Tra lo stupore generale, il procuratore Giammanco, non gli delegò la competenza delle indagini antimafia su Palermo e provincia. A riguardo appare oltremodo significativa l’affermazione, riportata nella recente sentenza della Corte di Assise di Appello di Caltanissetta (Borsellino quater), attribuita a Giuseppe “Pino” Lipari che, alla notizia del rientro del magistrato a Palermo, aveva sostenuto come il fatto avrebbe portato problemi a “quel santo cristiano di Giammanco ”. Il Lipari era un geometra palermitano che curava gli affari della “famiglia” corleonese. In quei primi mesi Paolo Borsellino divenne rapidamente il punto di riferimento di magistrati e investigatori impiegati nel contrasto alla mafia e continuò a mantenere costanti rapporti personali e professionali con Giovanni Falcone che il 23 maggio 1992, a Capaci, venne ucciso da una bomba che provocò anche la morte della moglie, il magistrato Francesca Morvillo, e di tre addetti alla sua scorta. Da quel momento l’attività di Paolo Borsellino assunse un ritmo quasi frenetico e continuò sino alla sua fine, avvenuta il successivo 19 luglio 1992.
(SECONDA PARTE – CONTINUA DOMANI)
Mario Mori

Il racconto del “carabiniere” Mario Mori va avanti. La puntata comparsa ieri mi sembra fortemente centrata sulla figura del magistrato Pietro Giammanco. 

Di questo personaggio Mori aveva una pessima opinione, tanto che arriva a dire oggi: “… in realtà avvisai tutti tranne Giammanco perché non mi fidavo di lui…”

Il carabiniere Mori, e questa è la prima vera notizia (comunque si sapeva già), non si fidava del vertice della magistratura a Palermo! Che Paese. 

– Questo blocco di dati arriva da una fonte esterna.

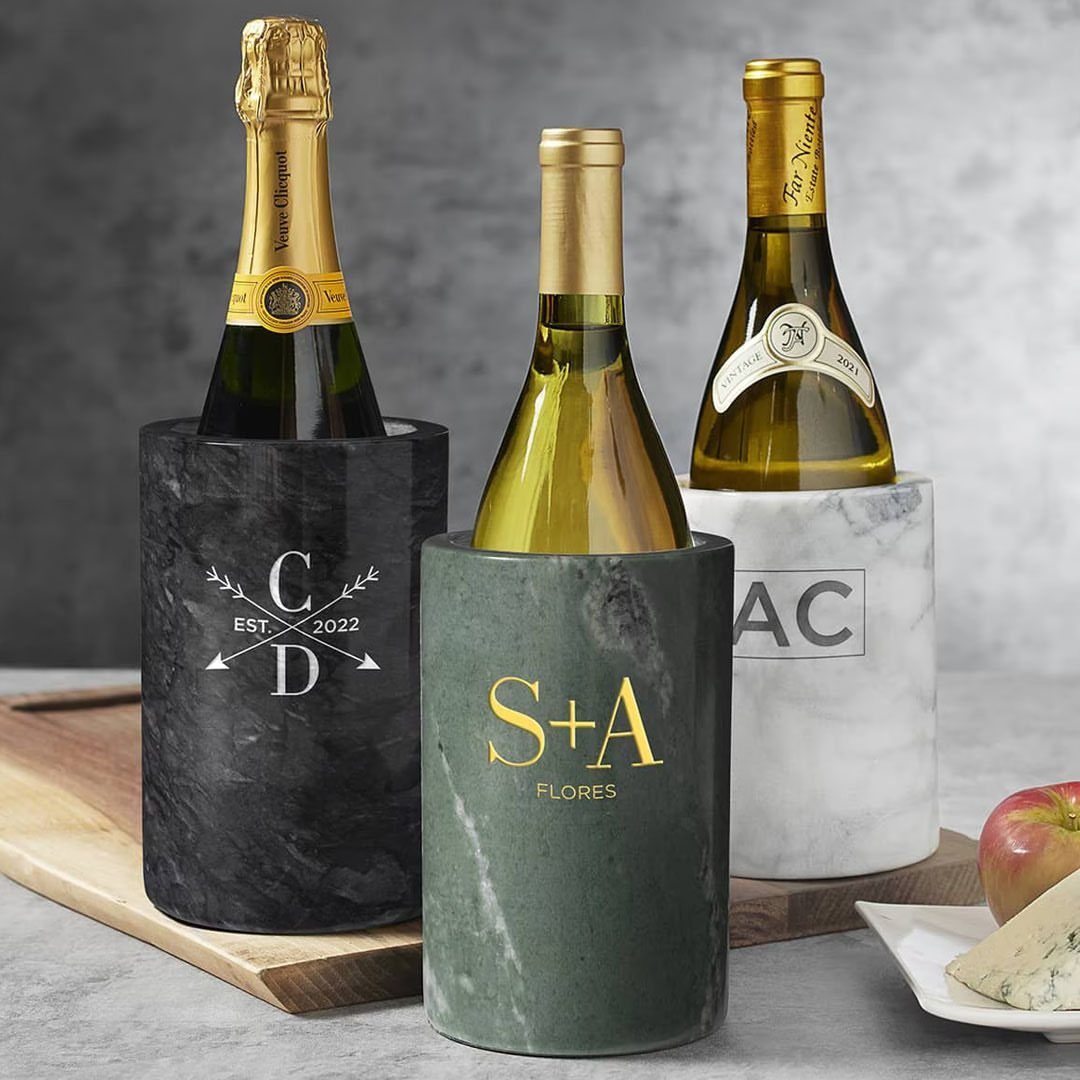 Three engraved marble wine chillers in different colors holding bottles of wine and champagne.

E chi sano di mente non sarebbe stato almeno diffidente, sapendo che il magistrato era, come fosse stato un Vitalone in quelle terre, un “andreottiano di ferro” tramite lo stretto rapporto che, sin dagli anni Ottanta, il Giammanco intratteneva con Mario D’Acquisto, numero due della corrente andreottiana in Sicilia. 

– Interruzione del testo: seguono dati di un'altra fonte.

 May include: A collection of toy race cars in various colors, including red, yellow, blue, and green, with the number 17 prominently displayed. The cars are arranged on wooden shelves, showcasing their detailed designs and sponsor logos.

In realtà Mario D’Acquisto (oggi è un brillante novantenne), quando diviene amico di Pietro Giammanco era un politico democristiano ma, se ben ricordo, della corrente fanfaniana. Come Salvo Lima (ammazzato il 12 marzo 1992), Giovanni Gioia e Vito Ciancimino. Poi passati a Giulio Andreotti.

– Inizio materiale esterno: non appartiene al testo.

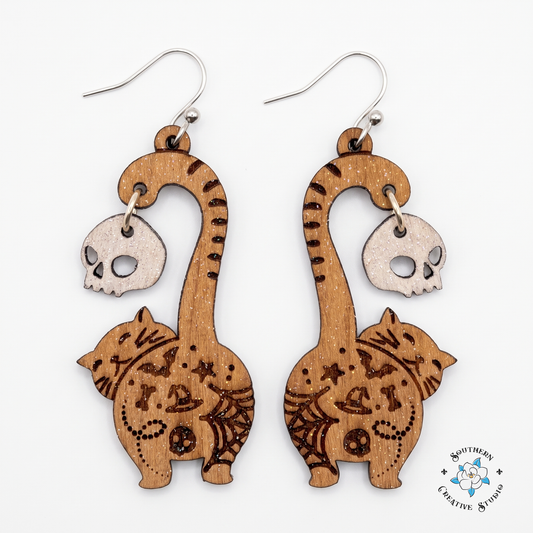 Engraved wood cat butt dangle earrings with white skull on white background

Mario D’Acquisto è ancora vivo e delle cose di cui sente il dovere di ragionare Mori dovrebbe ricordare quasi tutto. D’Acquisto è stato un esponente democristiano coevo degli avvenimenti cui fa cenno il generale. Ma chi oggi ha voglia di andare a riesumare il cadavere della DC per capire quale nesso esistesse tra il pensiero di Giovanni Gioia che come si disse allora non batté ciglio e proseguì imperterrito nell’opera di assorbimento delle cosche mafiose nella DC sostenendo che il partito aveva bisogno di gente con cui coalizzarsi, di uomini nuovi perché “non si possono ostacolare certi tentativi di compromesso” e i gravi avvenimenti finanziari internazionali che interessarono la lira? Tanto per fare un riferimento alla complessità della fase di cui si scrive. E questo Gioia era il punto di riferimento e guida politico-spirituale di Lima, Ciancimino, D’Acquisto. Grovigli bituminosi, caro Mori, di cui è difficile interessi a qualcuno qualcosa nell’ora tragica della scelta del futuro presidente della Repubblica.

Parlo di oggi per i prossimi 100 giorni. 

Oreste Grani/Leo Rugens che scese a Palermo la prima volta nel 1966 e che ci tornò, decine di volte, nel periodo “qualificante” 1973 – 1976. Per dire che non scrivo di cose completamente estranee al vissuto.